* Try it: All of the data, word for word and free of pictures, is the expected result.

* Saved data entries:
-- Opening Marker --
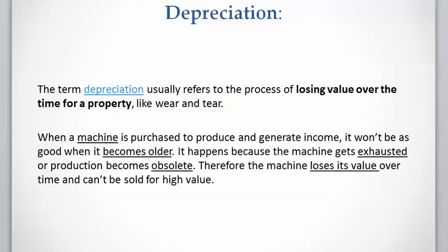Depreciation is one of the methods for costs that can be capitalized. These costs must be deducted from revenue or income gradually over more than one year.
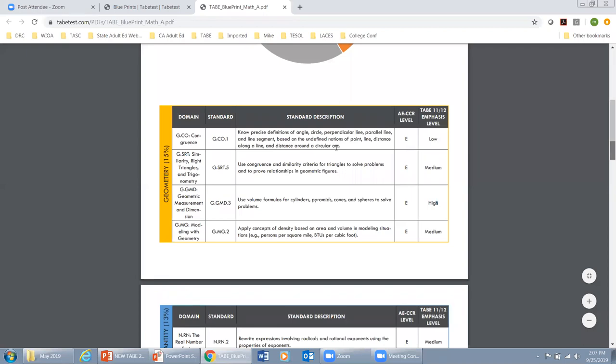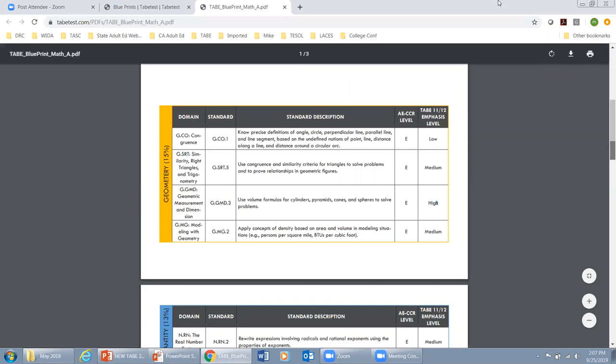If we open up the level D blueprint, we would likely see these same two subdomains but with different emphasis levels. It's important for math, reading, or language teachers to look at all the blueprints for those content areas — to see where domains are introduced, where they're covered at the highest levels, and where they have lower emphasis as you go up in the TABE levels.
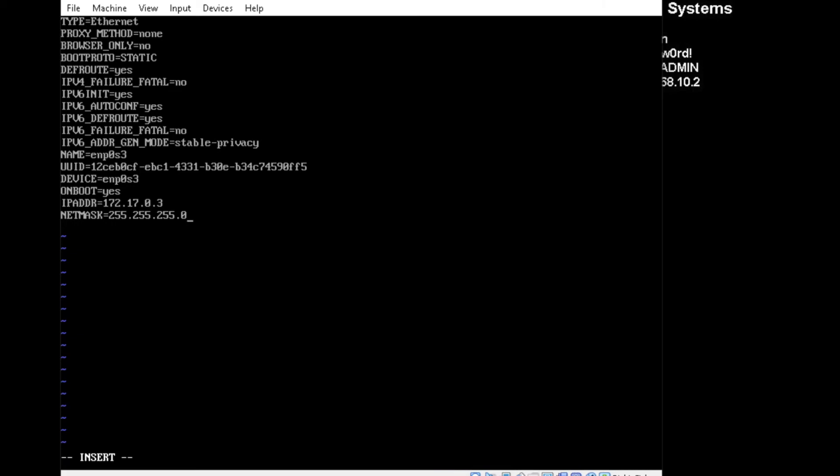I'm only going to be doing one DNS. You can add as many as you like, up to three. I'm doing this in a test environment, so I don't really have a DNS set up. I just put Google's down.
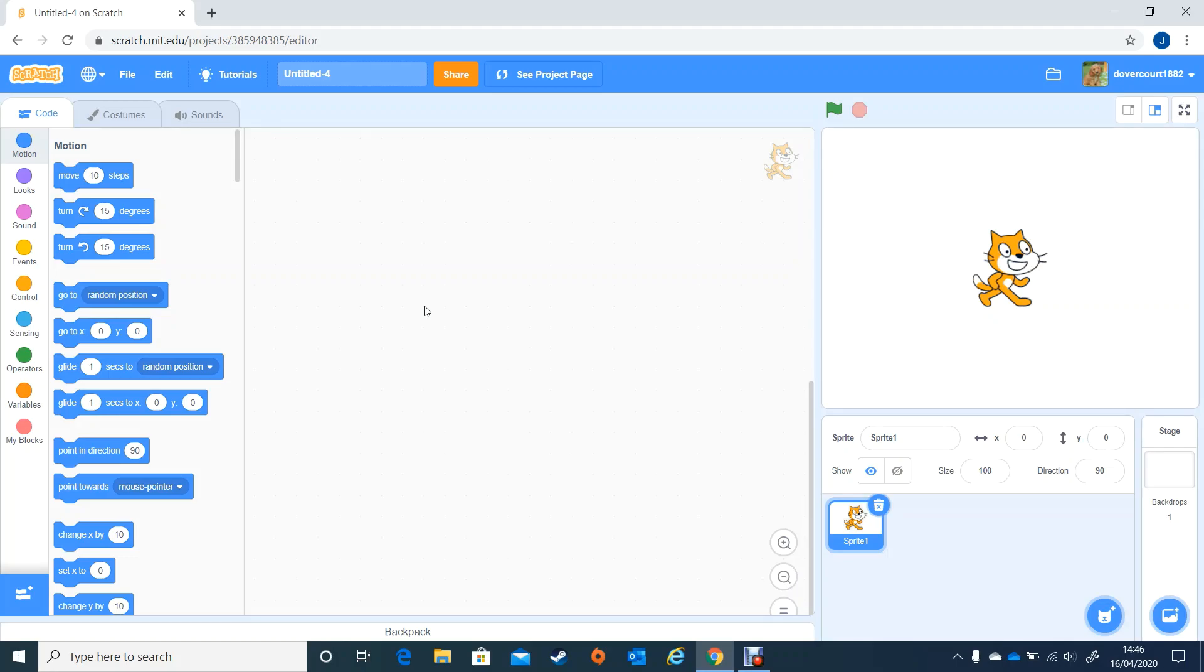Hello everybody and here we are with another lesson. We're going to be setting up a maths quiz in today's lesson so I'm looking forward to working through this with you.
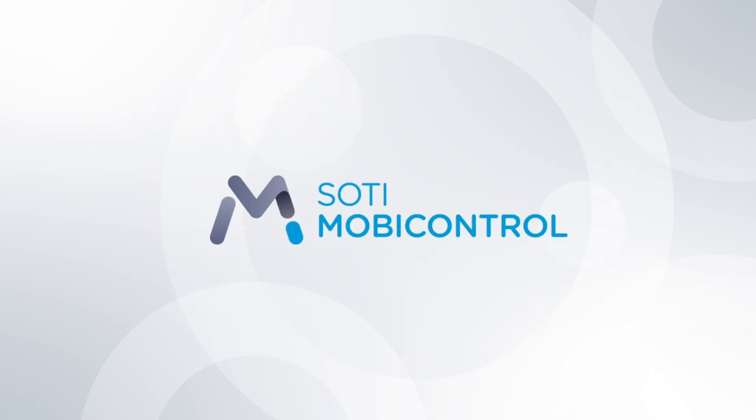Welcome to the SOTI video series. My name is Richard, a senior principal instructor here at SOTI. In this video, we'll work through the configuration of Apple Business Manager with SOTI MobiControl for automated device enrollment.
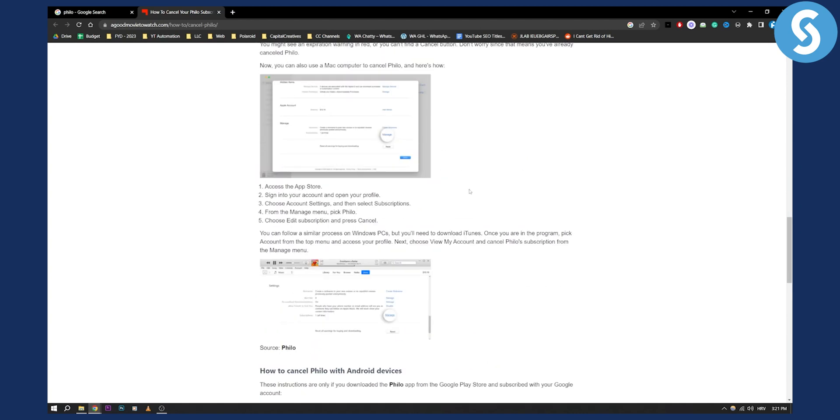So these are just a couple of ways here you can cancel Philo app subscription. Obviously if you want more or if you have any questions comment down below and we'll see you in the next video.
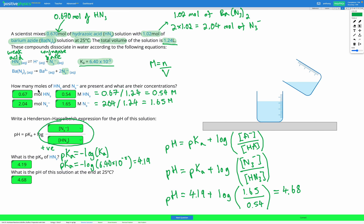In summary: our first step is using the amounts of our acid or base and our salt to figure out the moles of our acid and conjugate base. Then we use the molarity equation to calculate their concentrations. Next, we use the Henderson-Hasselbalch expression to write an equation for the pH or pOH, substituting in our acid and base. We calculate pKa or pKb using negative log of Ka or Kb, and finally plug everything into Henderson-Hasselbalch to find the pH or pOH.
-- Closing Marker --
* Finished task:
Depreciation is one of the methods for costs that can be capitalized. These costs must be deducted from revenue or income gradually over more than one year.
If we open up the level D blueprint, we would likely see these same two subdomains but with different emphasis levels. It's important for math, reading, or language teachers to look at all the blueprints for those content areas — to see where domains are introduced, where they're covered at the highest levels, and where they have lower emphasis as you go up in the TABE levels.
I'm only going to be doing one DNS. You can add as many as you like, up to three. I'm doing this in a test environment, so I don't really have a DNS set up. I just put Google's down.
Hello everybody and here we are with another lesson. We're going to be setting up a maths quiz in today's lesson so I'm looking forward to working through this with you.
Welcome to the SOTI video series. My name is Richard, a senior principal instructor here at SOTI. In this video, we'll work through the configuration of Apple Business Manager with SOTI MobiControl for automated device enrollment.
So these are just a couple of ways here you can cancel Philo app subscription. Obviously if you want more or if you have any questions comment down below and we'll see you in the next video.
In summary: our first step is using the amounts of our acid or base and our salt to figure out the moles of our acid and conjugate base. Then we use the molarity equation to calculate their concentrations. Next, we use the Henderson-Hasselbalch expression to write an equation for the pH or pOH, substituting in our acid and base. We calculate pKa or pKb using negative log of Ka or Kb, and finally plug everything into Henderson-Hasselbalch to find the pH or pOH.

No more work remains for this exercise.